→ **What to produce**: An exact transcription of all the data is required; the pictures are to be left out.

→ **Collected material**:
##############################
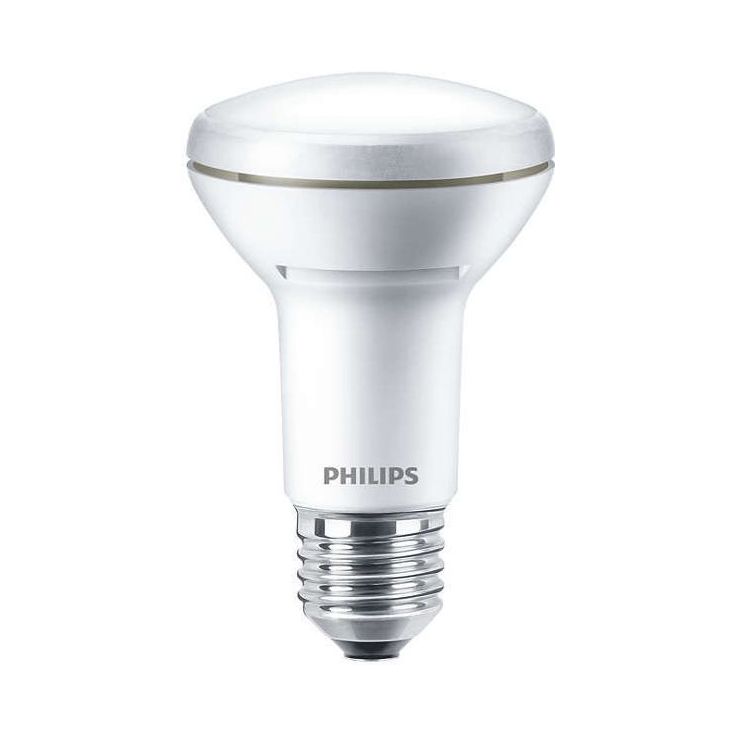 LED-kohdelamppu Philips CorePro E27 827 345lm R63 4.5W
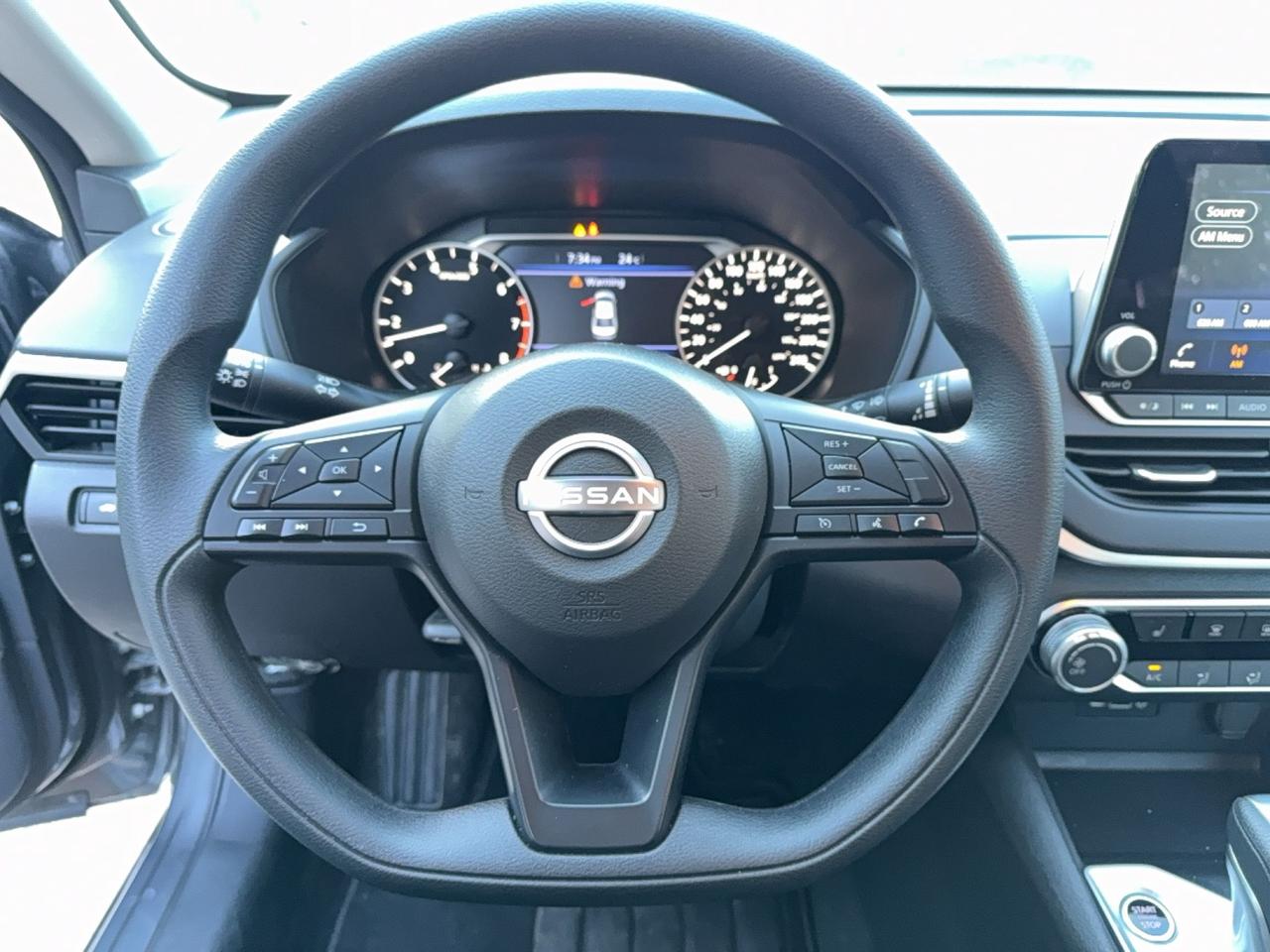 2025 Nissan Altima S AWD - HEATED - SEATS - APPLE CARPLAY - ANDROID AUTO - CRUISE CONTROL Photo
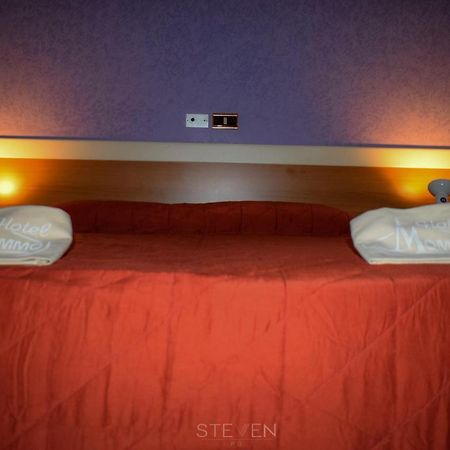 Hotel Ristorante Mommo Polistena Ngoại thất bức ảnh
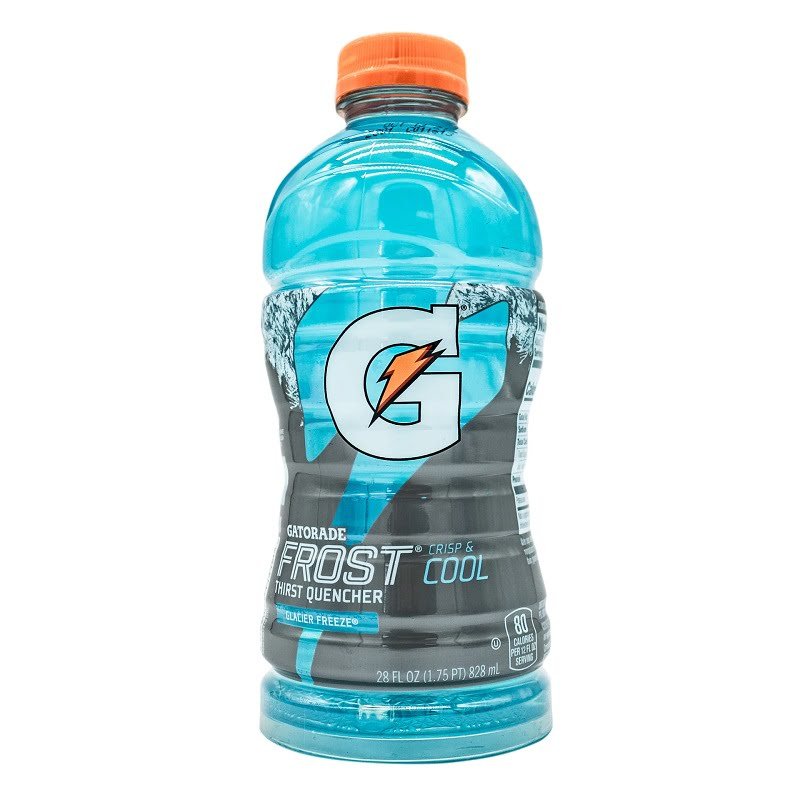 Gatorade Frost Cool & Crisp 28oz 15pk Gatorade Frost Cool Crisp 28oz 15pk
##############################
→ **Solution to the exercise**:
 LED-kohdelamppu Philips CorePro E27 827 345lm R63 4.5W
 2025 Nissan Altima S AWD - HEATED - SEATS - APPLE CARPLAY - ANDROID AUTO - CRUISE CONTROL Photo
 Hotel Ristorante Mommo Polistena Ngoại thất bức ảnh
 Gatorade Frost Cool & Crisp 28oz 15pk Gatorade Frost Cool Crisp 28oz 15pk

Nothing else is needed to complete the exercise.